**WHAT NEEDS TO BE DONE**
Under this line are the records; repeat exactly the lines starting at the one containing "适用于新高考新教材2024版" and ending at the one containing "NH license plate 3618753", omitting pictures.

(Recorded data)
______________________________

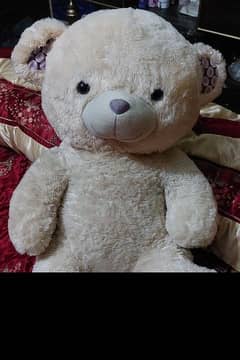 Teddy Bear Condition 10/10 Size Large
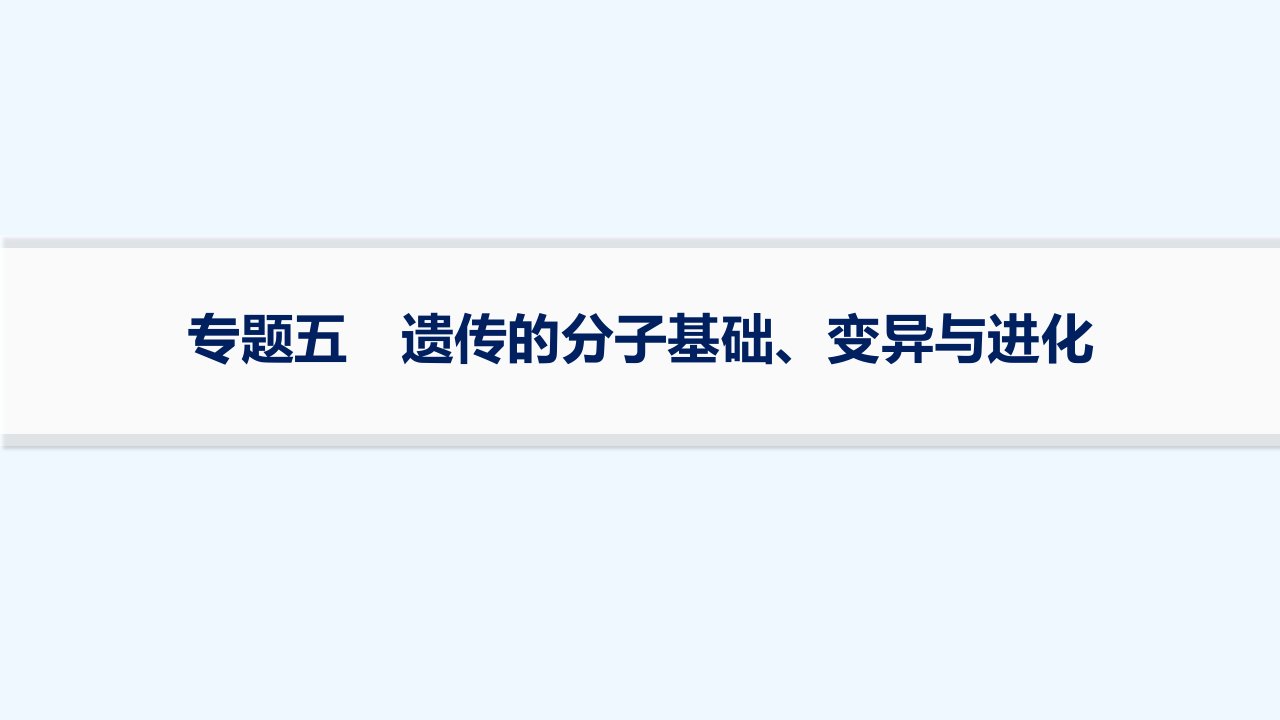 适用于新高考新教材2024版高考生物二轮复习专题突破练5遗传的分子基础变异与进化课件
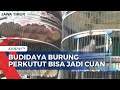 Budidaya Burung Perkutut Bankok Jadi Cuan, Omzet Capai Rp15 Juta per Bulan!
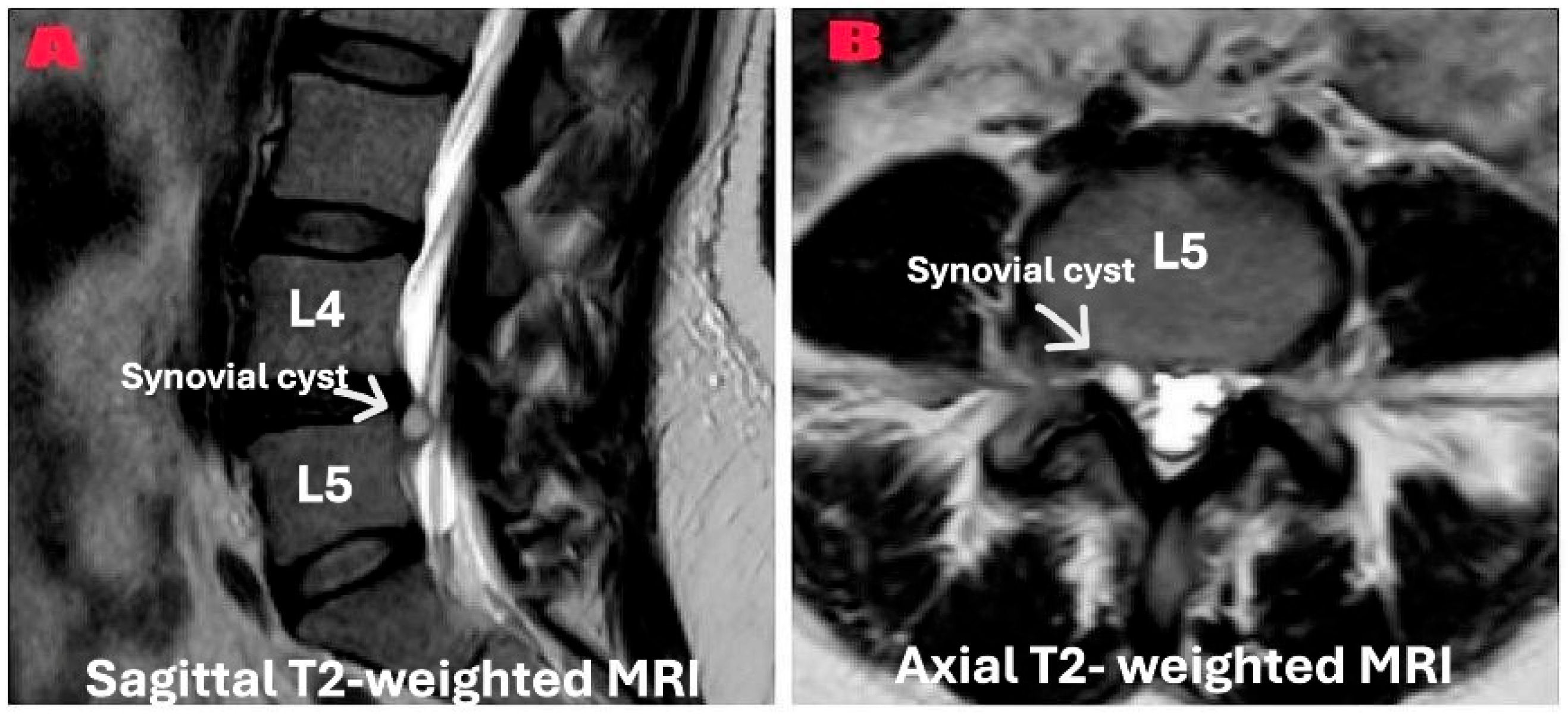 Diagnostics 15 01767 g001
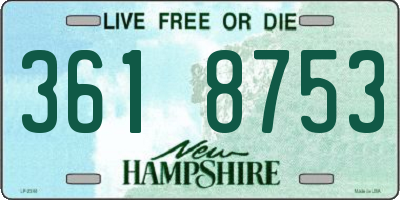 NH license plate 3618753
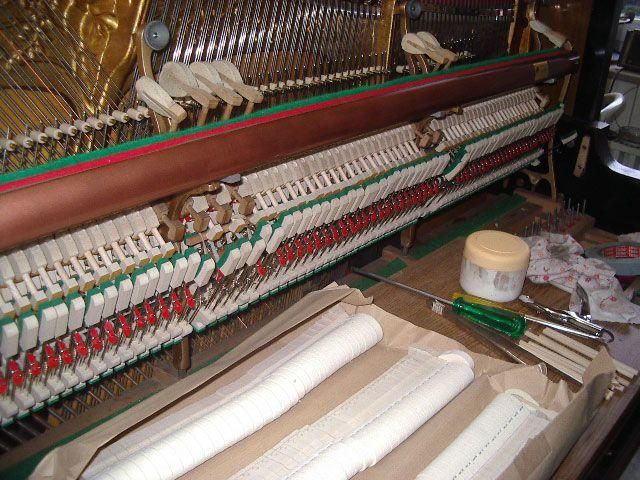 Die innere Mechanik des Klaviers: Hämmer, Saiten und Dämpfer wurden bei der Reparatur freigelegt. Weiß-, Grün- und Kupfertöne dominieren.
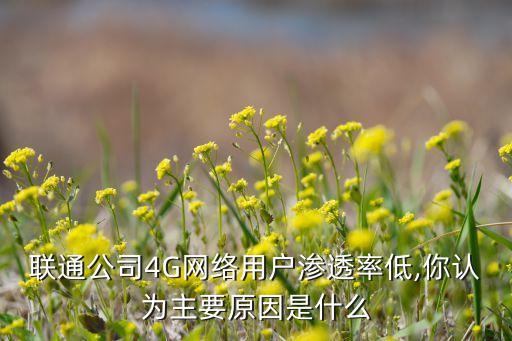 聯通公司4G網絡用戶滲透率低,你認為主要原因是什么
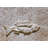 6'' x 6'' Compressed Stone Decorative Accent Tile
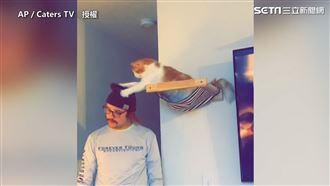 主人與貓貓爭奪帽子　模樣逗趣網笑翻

______________________________

**OUTPUT FOR THIS EXERCISE**
 适用于新高考新教材2024版高考生物二轮复习专题突破练5遗传的分子基础变异与进化课件
 Budidaya Burung Perkutut Bankok Jadi Cuan, Omzet Capai Rp15 Juta per Bulan!
 Diagnostics 15 01767 g001
 NH license plate 3618753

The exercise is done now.